Numerical Investigation of Buckling-Driven Mechanisms for Shape Morphing of Composite Wings

Abstract

Shape morphing has been considered a future direction in the pursuit of maximised aerodynamic and structural efficiency of an aircraft wing by triggering geometric reconfiguration to adapt to specific design requirements or load environments. Researchers have endeavoured to seek for morphing solutions that are simple, predictable, tailorable and with promising shape adjustment. Instead of the traditional structural design against buckling failure, a novel concept now embraces this built-in instability by utilising the nonlinear buckling response of slender elements to produce selective stiffness modification which redistributes the load in the structural system. To enable desired buckling configurations with specific stiffness, three buckling-driven mechanisms are presented in this thesis by restraining the out-of-plane buckling deformation with point, area and maximum displacement constraints. Numerical investigation of the proposed mechanisms is first conducted on a composite plate to analyse the effect on the onset of buckling and postbuckling stiffness modification.
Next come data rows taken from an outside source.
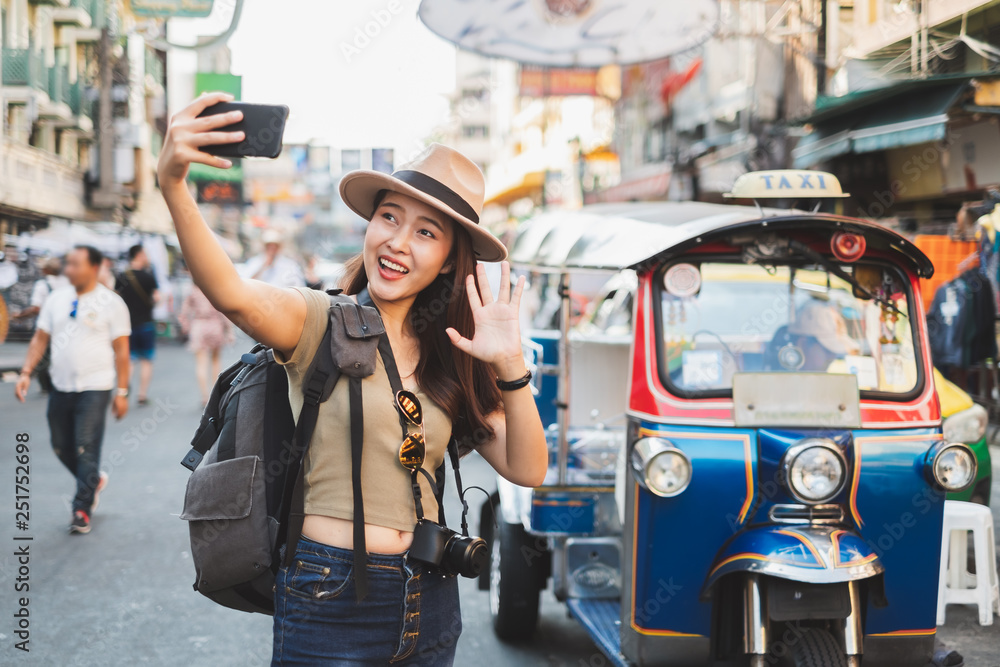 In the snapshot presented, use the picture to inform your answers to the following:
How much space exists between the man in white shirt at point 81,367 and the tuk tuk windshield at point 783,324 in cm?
457

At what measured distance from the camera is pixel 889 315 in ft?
13.0

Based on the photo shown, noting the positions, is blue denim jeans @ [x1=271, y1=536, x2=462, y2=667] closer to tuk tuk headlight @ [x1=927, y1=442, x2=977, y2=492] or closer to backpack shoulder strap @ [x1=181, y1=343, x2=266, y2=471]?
backpack shoulder strap @ [x1=181, y1=343, x2=266, y2=471]

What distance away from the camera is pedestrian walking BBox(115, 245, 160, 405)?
40.2ft

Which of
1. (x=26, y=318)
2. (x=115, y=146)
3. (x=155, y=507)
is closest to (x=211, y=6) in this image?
(x=155, y=507)

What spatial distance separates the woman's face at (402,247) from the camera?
2.33 metres

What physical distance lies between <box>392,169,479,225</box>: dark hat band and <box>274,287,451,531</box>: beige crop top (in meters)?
0.38

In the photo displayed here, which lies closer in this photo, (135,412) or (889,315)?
(889,315)

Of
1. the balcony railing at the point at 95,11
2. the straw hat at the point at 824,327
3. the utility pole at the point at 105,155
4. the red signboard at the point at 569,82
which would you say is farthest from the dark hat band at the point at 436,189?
the balcony railing at the point at 95,11

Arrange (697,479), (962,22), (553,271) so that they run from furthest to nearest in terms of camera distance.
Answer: (962,22) → (553,271) → (697,479)

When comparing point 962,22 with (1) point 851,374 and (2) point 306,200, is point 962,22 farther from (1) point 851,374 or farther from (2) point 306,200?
(2) point 306,200

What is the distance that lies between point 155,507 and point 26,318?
46.2 ft

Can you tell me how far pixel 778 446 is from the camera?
3.56m

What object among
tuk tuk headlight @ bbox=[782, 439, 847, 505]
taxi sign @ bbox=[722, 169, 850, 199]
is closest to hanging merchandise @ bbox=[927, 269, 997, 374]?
taxi sign @ bbox=[722, 169, 850, 199]

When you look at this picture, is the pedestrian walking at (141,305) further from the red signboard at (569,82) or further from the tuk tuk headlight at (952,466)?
the red signboard at (569,82) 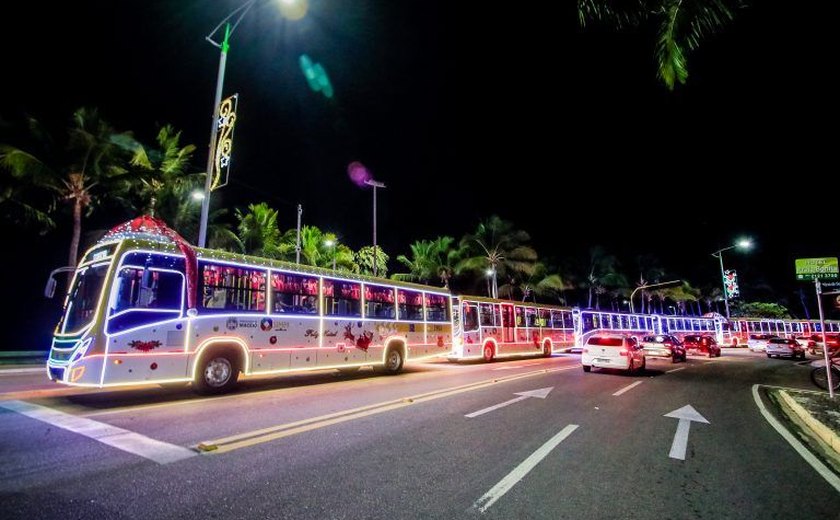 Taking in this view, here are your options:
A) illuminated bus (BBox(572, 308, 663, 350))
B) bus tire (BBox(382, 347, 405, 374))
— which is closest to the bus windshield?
bus tire (BBox(382, 347, 405, 374))

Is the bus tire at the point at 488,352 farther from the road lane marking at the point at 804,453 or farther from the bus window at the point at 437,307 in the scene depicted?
the road lane marking at the point at 804,453

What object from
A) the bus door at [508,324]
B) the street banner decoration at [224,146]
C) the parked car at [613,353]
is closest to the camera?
the parked car at [613,353]

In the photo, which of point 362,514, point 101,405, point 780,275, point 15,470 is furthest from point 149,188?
point 780,275

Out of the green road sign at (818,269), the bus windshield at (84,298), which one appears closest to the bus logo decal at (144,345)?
the bus windshield at (84,298)

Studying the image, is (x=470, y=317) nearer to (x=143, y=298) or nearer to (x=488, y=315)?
(x=488, y=315)

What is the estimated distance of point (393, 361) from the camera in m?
15.2

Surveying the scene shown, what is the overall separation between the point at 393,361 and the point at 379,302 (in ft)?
7.28

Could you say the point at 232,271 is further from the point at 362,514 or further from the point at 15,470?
the point at 362,514

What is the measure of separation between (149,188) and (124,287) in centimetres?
1886

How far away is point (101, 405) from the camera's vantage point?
Answer: 8.14 meters

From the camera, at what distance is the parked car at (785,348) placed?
29.6 metres

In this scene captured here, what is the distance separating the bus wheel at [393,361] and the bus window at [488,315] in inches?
266

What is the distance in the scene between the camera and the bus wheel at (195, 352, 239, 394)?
31.1 feet

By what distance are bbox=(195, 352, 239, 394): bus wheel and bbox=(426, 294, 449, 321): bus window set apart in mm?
8379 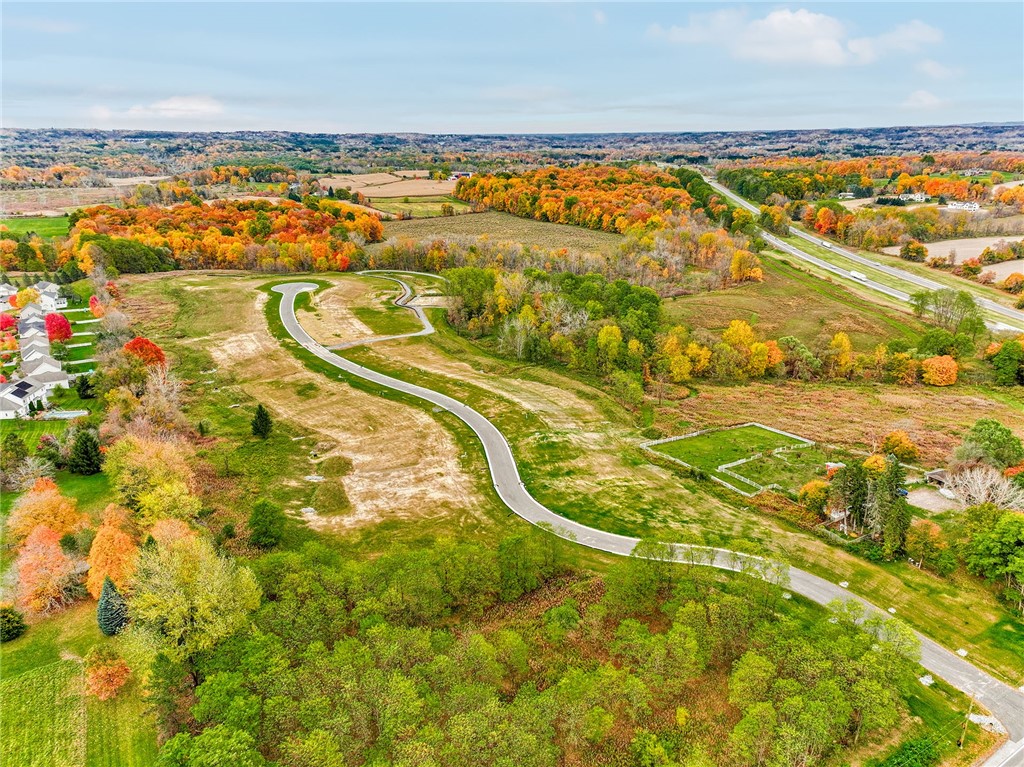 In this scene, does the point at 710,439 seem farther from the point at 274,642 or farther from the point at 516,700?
the point at 274,642

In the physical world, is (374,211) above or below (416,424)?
above

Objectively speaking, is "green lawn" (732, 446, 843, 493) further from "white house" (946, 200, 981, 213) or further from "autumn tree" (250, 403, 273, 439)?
"white house" (946, 200, 981, 213)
The laminate with buckling-oriented mechanisms implemented is then integrated into a thin-walled rectangular composite wing box as a shear web to evaluate its functionality in a structural system. The proposed mechanisms offer effective control of the configurations and augmentation on the attainable range of shear centre relocation and torsional stiffness variation of the wing box. To explore the feasibility in morphing application, the interaction between buckling-induced twist and the aerodynamic load distribution is studied with a simplified aeroelastic wing model. Served as proof of concept, the work of the thesis demonstrates the potential to realise complicated morphing tasks through employing precisely-controlled buckling behaviours in structural components.